There’s no doubt that loving an addict is hard. It’s natural for you to want your loved ones to succeed rather than suffer.

While reaching out to help a loved one in need is certainly not a bad thing, there’s a fine line between helping and enabling, especially when it comes to addiction. Those who enable have good intentions, but they’re actually contributing to the problem rather than solving it.

Here are 7 ways to tell if you’re helping or enabling someone suffering from an addiction.

1. Making Excuses for the Addict

Making excuses for someone with an addiction to drugs or alcohol denies the reality of the problem. A sure sign of enabling is denial or avoidance. If you’re an enabler, you choose not to confront the addict because you fear conflict. Instead, you may find yourself making excuses for the addict’s behavior and convincing yourself that the problem will just go away on its own.

You may say things like, “He’s just going through a phase.” This doesn’t help the person in question—it allows the problem to persist. To truly help, it’s important to confront them, in a respectful and loving way, about their behavior.

2. Giving Them Money

As an enabler, you probably give your loved one money that they will ultimately end up using to buy drugs. You might even pay their bills, buy groceries, or otherwise enable them financially. While it can be hard to see a loved one’s electricity get shut off because he or she spent the money on drugs, paying the bill is enabling and diminishes the ramifications of the person’s actions.

Rather than pay an addict’s bills or give cash that ends up being traded for drugs, offer your money for drug and alcohol rehab instead.

3. Taking Over Their Responsibilities

Taking over the responsibilities that your loved one has neglected due to addiction is a sign of enabling. Some examples include cleaning the house, picking children up from school, or otherwise handling their affairs.

4. Telling Lies to Cover Up Their Behavior

Lying to cover up an addict’s behavior is another sign of enabling. They need to be held responsible for their actions. Covering up mistakes and wrong-doings enables them to continue to make the same poor choices. Accountability is far more helpful in the long run.

5. Bailing Them Out of Sticky Situations

Helping someone out of a predicament caused by drug use only enables them to continue making poor decisions. Whether it’s bailing them out of jail, buying personal items back from the pawn shop, or lying to employers and loved ones, bailing them out takes away the negative consequences of addiction.

While it can be difficult to see a loved one sit in jail or get fired from a job, letting them suffer the repercussions is more likely to prompt them to seek addiction treatment.

6. Codependent Behavior

Codependent behavior is almost always present to some degree in an enabler. You may get personal gratification from helping the addict. For example, you may feel that you’re doing a good deed or feel a sense of pride from making a sacrifice, or you might feel a sense of control out of the situation or enjoy the feeling of being needed.

If you find yourself enabling your loved one, you can attend 12-Step support groups such as Al-Anon or Nar-Anon to address your codependency and learn how to provide support without enabling them.
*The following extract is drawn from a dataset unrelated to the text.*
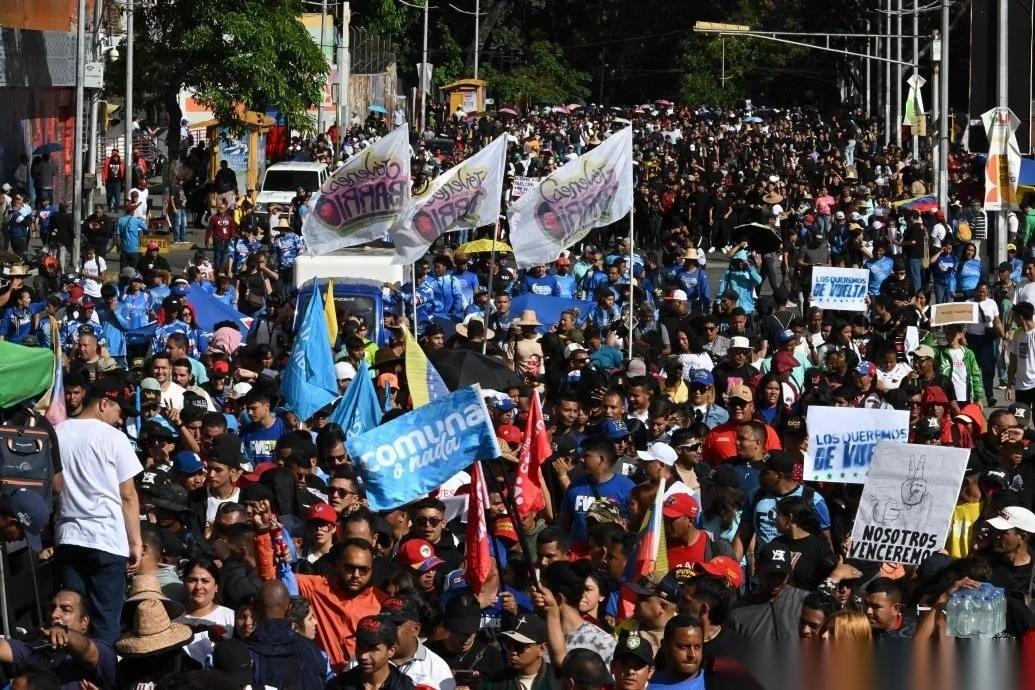 委内瑞拉老百姓冲击总统府了！罗德里格斯以为有美国撑腰就能稳坐，清洗反美官员、把经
7. Putting Their Needs Before Your Own

If you’re helping an addict appropriately, you will set clear boundaries and remain assertive. It’s possible to be supportive without neglecting your own needs. Helping someone should never be a threat to your own well-being, so make sure you’re taking care of yourself first.
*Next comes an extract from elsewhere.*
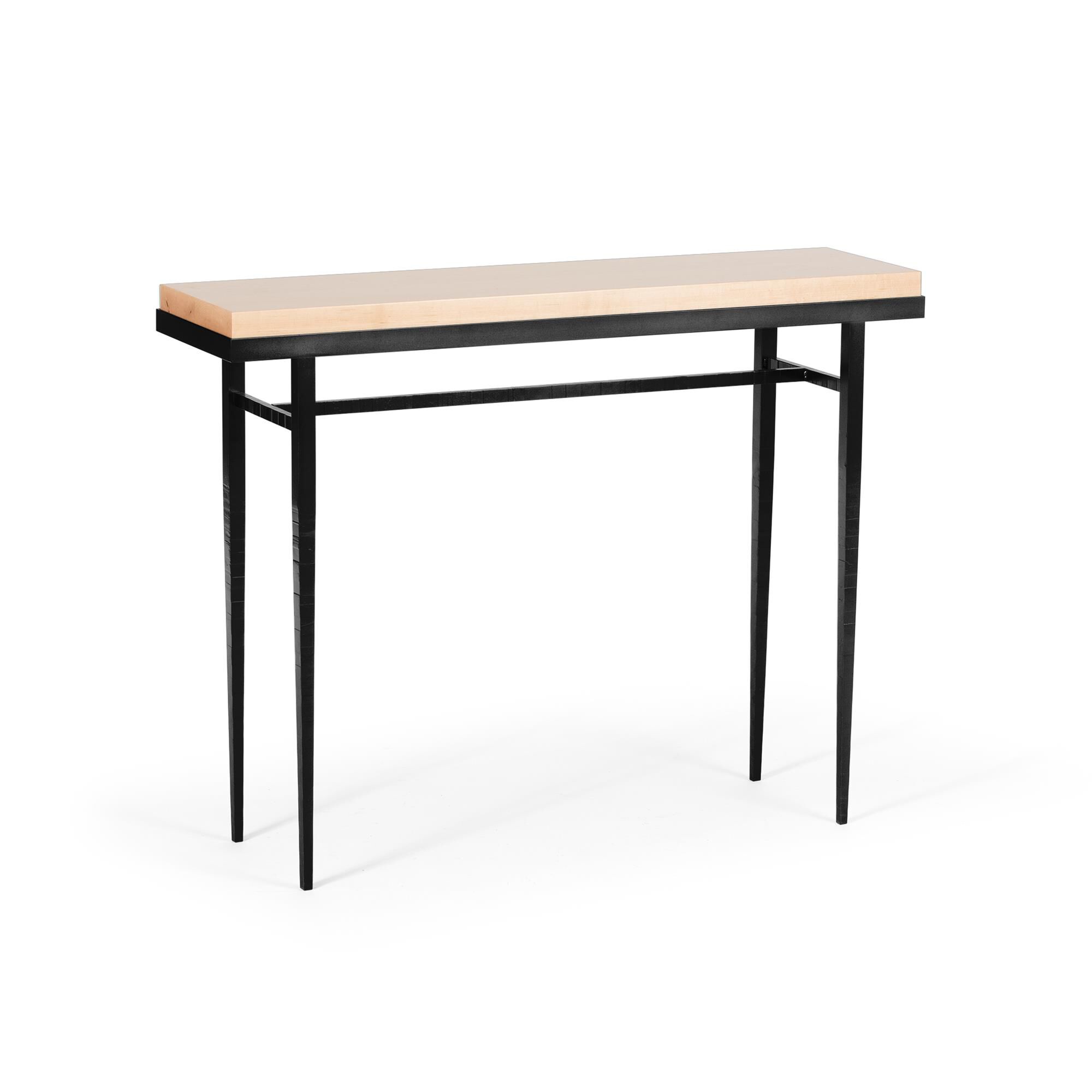 Shown in Black finish and Maple Natural accent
It’s important to stop and ask yourself whether your actions are helping or harming. Helping empowers an addict to take responsibility rather than creating dependency. No one can force them to change. In the end, the desire to change must come from within.
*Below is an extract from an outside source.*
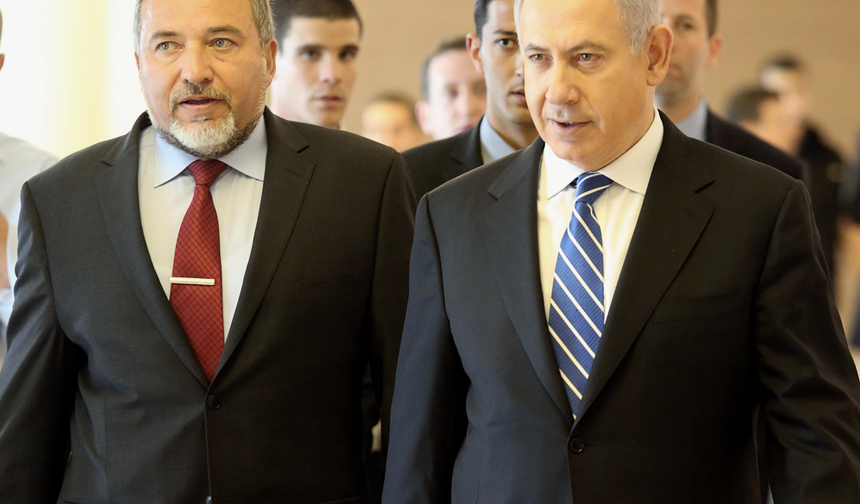 Netanyahu, asker paralarını Haredilere dağıtıyor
When someone suffering from an addiction is enabled, he or she is less likely to want to change because the harsh reality of poor choices is softened. Allowing them to suffer the consequences of addiction can help show how life would improve without drugs.

How to Find Help for Drug or Alcohol Misuse

If you or a loved one is struggling with drug or alcohol misuse, help is available and recovery is possible. To learn about rehab programs and treatment options, contact a caring admissions navigator with American Addiction Centers (AAC) for free at .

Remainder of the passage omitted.